Operations 12 min read

How Does a Linux Packet Travel from NIC to Your App? Unveiling Zero‑Copy Secrets

This article walks through every stage a network packet undergoes inside the Linux kernel—from hardware interrupt and driver processing, through the sk_buff structures of the TCP/IP stack, to user‑space delivery—while explaining zero‑copy mechanisms like sendfile, splice, mmap and io_uring, and offering concrete tuning commands for optimal performance.

Liangxu Linux
Liangxu Linux
Liangxu Linux
How Does a Linux Packet Travel from NIC to Your App?

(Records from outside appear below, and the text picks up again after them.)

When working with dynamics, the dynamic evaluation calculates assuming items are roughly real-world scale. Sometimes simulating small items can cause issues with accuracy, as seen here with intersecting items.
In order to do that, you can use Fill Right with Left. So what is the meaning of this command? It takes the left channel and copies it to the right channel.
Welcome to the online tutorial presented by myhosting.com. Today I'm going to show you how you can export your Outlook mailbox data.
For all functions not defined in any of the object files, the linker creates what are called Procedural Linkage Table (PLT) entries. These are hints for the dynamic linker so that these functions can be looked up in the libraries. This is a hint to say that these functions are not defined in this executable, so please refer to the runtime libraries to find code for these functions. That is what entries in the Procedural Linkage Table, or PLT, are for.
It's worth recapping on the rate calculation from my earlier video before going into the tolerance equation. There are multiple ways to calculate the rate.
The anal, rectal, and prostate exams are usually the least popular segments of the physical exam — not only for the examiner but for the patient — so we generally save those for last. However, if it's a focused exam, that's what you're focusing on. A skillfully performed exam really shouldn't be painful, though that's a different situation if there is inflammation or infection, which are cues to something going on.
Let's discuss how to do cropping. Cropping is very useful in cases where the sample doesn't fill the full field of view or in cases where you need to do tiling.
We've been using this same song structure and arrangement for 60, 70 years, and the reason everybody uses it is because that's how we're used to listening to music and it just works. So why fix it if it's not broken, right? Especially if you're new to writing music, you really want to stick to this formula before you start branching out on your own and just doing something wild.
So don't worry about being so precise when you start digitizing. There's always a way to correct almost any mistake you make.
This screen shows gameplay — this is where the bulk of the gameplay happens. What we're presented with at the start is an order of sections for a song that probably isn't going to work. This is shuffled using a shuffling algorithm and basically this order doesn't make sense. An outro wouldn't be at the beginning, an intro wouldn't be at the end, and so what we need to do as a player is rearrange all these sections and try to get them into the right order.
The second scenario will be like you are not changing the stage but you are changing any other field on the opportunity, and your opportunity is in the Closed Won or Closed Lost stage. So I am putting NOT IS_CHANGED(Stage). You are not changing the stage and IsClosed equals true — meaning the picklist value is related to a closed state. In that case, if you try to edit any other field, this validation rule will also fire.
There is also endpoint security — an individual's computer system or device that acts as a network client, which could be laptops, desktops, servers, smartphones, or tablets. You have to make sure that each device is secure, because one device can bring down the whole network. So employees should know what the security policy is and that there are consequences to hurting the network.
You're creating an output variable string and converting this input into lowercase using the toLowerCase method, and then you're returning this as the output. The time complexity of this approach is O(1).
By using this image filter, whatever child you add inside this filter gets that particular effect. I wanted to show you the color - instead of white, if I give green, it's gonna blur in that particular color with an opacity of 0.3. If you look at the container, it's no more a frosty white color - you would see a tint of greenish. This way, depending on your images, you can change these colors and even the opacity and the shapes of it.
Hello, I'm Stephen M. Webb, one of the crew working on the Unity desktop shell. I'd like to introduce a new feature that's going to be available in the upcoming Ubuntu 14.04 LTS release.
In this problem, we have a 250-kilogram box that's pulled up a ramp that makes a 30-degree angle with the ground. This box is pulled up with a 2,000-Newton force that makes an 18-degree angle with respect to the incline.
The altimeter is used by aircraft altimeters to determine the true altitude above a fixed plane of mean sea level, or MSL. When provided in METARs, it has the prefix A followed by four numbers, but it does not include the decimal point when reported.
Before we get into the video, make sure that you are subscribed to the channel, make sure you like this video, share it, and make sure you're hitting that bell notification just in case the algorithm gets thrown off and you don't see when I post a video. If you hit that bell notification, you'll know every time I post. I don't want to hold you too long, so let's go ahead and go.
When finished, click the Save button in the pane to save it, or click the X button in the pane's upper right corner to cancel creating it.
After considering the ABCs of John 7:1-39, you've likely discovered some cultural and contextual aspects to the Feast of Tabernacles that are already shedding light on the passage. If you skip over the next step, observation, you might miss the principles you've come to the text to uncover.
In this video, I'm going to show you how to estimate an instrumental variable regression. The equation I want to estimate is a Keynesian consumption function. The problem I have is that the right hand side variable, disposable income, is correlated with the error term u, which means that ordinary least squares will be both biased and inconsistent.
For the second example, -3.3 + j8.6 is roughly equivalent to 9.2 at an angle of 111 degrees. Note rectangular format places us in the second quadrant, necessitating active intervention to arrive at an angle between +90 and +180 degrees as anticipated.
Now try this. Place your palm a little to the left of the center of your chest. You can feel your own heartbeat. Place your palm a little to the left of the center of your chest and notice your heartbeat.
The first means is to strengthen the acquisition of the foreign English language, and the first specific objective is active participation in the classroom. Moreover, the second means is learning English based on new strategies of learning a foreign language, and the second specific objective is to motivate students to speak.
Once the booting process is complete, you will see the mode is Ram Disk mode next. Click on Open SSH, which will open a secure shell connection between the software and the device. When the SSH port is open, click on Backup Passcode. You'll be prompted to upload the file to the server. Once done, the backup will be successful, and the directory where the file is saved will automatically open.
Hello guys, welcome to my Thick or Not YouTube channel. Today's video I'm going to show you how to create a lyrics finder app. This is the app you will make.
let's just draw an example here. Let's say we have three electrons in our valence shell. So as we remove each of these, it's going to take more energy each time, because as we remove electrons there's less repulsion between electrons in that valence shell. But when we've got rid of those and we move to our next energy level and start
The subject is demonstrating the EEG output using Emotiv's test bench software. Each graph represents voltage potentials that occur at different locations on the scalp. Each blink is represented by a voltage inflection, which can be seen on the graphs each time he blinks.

Unveiling Zero‑Copy Secrets

Introduction

As a systems or operations engineer you constantly face network‑related performance problems, yet few understand the exact path a packet takes from the network card to a user‑space application. This guide dissects the Linux network stack, explains why zero‑copy can boost throughput by dozens of times, and provides practical tuning steps.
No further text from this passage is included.